▶ _The data_:
------------------------------------
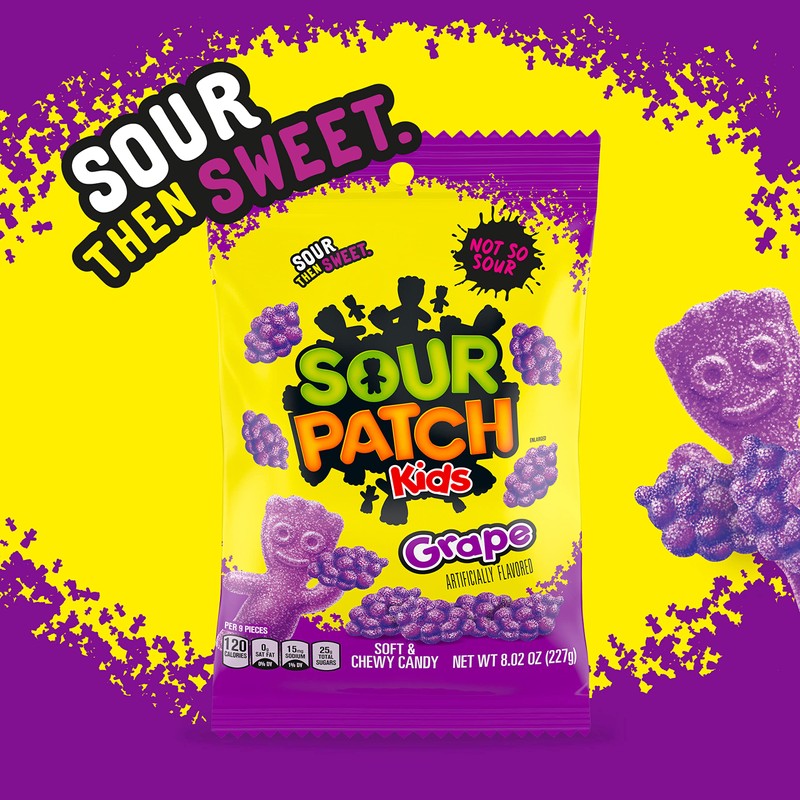 SOUR PATCH KIDS Grape Soft & Chewy Candy, Bulk Candy,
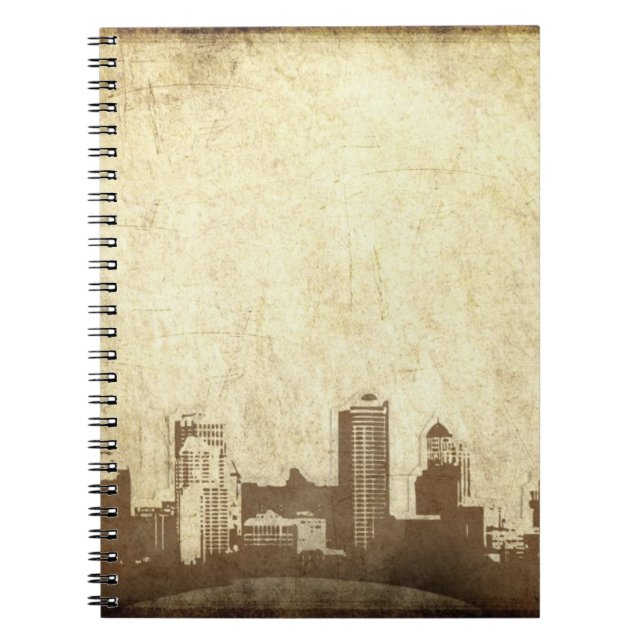 Grungy city background spiral notebook (Front)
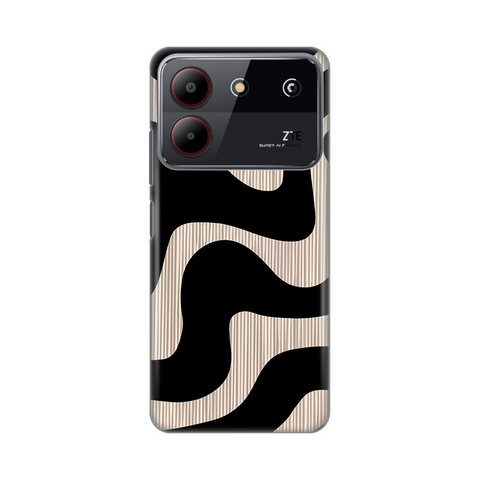 Zastitna ultra tanka (skin) maska / futrola PRINT - ZTE Blade A54 crni Flow.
------------------------------------
▶ _Problem description_:
Your task is to repeat the data above exactly while excluding the pictures.

▶ _Response to the task_:
 SOUR PATCH KIDS Grape Soft & Chewy Candy, Bulk Candy,
 Grungy city background spiral notebook (Front)
 Zastitna ultra tanka (skin) maska / futrola PRINT - ZTE Blade A54 crni Flow.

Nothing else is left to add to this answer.